=== Section Start ===

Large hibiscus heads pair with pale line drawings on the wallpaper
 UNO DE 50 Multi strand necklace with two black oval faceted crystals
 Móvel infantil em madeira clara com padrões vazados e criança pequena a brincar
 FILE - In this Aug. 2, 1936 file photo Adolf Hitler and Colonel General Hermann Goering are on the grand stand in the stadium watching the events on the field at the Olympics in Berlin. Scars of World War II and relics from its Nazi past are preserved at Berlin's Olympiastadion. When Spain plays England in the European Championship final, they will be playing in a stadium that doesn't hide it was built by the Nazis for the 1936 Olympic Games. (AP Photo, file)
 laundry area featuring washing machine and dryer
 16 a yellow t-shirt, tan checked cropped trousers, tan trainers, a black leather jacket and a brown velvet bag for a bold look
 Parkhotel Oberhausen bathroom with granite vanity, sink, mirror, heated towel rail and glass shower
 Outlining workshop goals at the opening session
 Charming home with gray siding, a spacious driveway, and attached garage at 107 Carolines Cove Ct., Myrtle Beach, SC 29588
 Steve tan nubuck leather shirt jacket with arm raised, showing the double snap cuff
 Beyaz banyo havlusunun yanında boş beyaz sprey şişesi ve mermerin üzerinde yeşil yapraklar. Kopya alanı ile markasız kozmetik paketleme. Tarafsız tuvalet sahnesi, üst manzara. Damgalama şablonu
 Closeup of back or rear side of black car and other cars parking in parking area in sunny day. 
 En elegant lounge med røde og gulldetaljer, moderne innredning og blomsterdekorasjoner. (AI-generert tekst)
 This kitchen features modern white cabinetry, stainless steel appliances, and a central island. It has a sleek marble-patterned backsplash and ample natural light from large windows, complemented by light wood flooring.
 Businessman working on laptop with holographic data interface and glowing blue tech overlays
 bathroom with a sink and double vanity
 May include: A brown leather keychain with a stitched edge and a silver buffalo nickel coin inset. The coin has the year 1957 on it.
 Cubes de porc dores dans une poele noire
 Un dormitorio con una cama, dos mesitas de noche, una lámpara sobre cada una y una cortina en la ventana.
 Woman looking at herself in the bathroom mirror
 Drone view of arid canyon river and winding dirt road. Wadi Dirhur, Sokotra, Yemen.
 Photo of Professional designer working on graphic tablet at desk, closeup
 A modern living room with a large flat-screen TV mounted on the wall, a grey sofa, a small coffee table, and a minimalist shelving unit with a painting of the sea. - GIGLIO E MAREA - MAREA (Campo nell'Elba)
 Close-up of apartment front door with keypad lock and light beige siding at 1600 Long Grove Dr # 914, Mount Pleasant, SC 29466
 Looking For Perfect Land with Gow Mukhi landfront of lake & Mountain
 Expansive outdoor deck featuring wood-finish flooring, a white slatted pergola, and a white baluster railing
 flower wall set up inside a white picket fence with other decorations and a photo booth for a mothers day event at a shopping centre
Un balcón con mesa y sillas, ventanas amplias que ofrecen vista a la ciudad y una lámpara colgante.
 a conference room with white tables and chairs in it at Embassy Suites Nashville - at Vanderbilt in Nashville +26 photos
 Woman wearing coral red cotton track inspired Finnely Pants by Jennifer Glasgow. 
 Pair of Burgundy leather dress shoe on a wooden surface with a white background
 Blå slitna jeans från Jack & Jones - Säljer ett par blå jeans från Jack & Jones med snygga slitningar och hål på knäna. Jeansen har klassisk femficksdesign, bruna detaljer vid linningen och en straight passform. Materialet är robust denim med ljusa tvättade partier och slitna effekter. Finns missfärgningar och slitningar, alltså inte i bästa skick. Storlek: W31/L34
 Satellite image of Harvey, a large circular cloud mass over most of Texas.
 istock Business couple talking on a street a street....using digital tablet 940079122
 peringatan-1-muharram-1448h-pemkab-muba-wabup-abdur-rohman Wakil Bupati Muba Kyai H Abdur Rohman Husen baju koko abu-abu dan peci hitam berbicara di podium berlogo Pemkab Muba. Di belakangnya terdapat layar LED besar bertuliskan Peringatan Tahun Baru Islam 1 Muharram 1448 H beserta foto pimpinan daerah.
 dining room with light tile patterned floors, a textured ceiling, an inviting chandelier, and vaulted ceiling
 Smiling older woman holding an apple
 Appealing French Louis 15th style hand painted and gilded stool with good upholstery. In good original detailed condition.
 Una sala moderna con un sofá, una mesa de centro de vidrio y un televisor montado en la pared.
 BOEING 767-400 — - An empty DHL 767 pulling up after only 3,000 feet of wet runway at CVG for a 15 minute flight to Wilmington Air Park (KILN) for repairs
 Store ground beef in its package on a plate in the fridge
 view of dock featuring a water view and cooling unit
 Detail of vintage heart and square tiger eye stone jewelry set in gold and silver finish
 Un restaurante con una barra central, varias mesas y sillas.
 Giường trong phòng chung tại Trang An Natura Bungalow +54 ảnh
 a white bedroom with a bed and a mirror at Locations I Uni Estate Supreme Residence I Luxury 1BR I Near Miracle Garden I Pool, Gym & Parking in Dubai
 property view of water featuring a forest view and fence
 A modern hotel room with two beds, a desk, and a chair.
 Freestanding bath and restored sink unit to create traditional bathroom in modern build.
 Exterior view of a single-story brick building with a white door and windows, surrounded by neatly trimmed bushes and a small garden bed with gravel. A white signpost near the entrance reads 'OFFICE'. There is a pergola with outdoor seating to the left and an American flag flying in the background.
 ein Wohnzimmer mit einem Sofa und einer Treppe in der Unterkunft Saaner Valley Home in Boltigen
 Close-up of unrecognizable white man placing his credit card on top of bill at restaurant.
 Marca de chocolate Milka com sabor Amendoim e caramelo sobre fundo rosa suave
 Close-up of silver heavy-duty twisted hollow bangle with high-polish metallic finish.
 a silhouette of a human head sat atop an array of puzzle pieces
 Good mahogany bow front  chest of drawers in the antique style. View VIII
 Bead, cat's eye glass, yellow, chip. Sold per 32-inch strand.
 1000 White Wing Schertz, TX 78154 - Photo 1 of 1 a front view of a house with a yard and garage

=== Section End ===

Would you give the number of lines of the data that include the string "glass"? Nothing else is wanted.

2